Die erneute Inhaftierung von Fariba Adelkhah erfolgte nach Angaben des französischen Außenministeriums ohne jegliche Begründung iranischer Stellen und ohne Vorankündigung. Nach Angaben des Unterstützungskomitees der Wissenschaftlerin in Paris wurde Adelkhah ins berüchtigte Evin-Gefängnis am nördlichen Stadtrand von Teheran gebracht.

Die Anthropologin vom renommierten Pariser Institut für politische Studien besitzt neben der französischen auch die iranische Staatsangehörigkeit. Adelkhah war zusammen mit ihrem Kollegen und Lebensgefährten Roland Marchal im Juni 2019 am Flughafen von Teheran festgenommen worden.

Lebensgefährte frei, Adelkhah inhaftiert

Der heute 64-jährige Marchal kam im Zuge eines Gefangenenaustauschs zwischen Paris und Teheran im März 2020 frei. Adelkhah musste in Haft bleiben.

Im Dezember 2019 trat sie mit einer anderen inhaftierten Forscherin, der Australierin Kylie Moore-Gilbert, in einen Hungerstreik. Im Januar teilte ihr Anwalt mit, dass die Anklage wegen Spionage und Verstoß gegen die öffentliche Ordnung fallen gelassen worden sei.

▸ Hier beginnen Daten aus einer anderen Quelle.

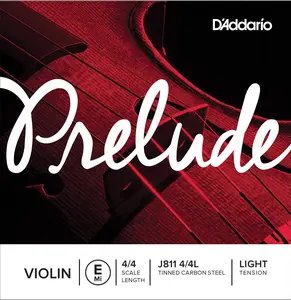 D'Addario Prelude Violin Single E String, 4/4 Scale, Light Tension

Die heute 62-Jährige wurde im Mai 2020 aber trotzdem wegen „Propaganda gegen das System“ und „Verschwörung gegen die nationale Sicherheit“ zu  fünf Jahren Haft verurteilt. Im Oktober 2020 hatte sie jedoch in den Hausarrest wechseln können, wo sie seither mit einer elektronischen Fußfessel überwacht wurde.

Scharfer Protest aus Paris

Die französische Regierung reagierte empört auf die erneute Inhaftierung der Forscherin. Der Sprecher des Außenministeriums bezeichnete das Vorgehen des Iran als „rein politisch und willkürlich“. Die abermalige Inhaftierung könne sich „nur negativ“ auf die Beziehungen auswirken.

Eine Forderung von Frankreichs Präsident Emmanuel Macron, Adelkhah sofort freizulassen, war vom Außenministerium in Teheran schon früher zurückgewiesen geworden. Zugleich warf der Iran Frankreich Einmischungen in seine inneren Angelegenheiten vor.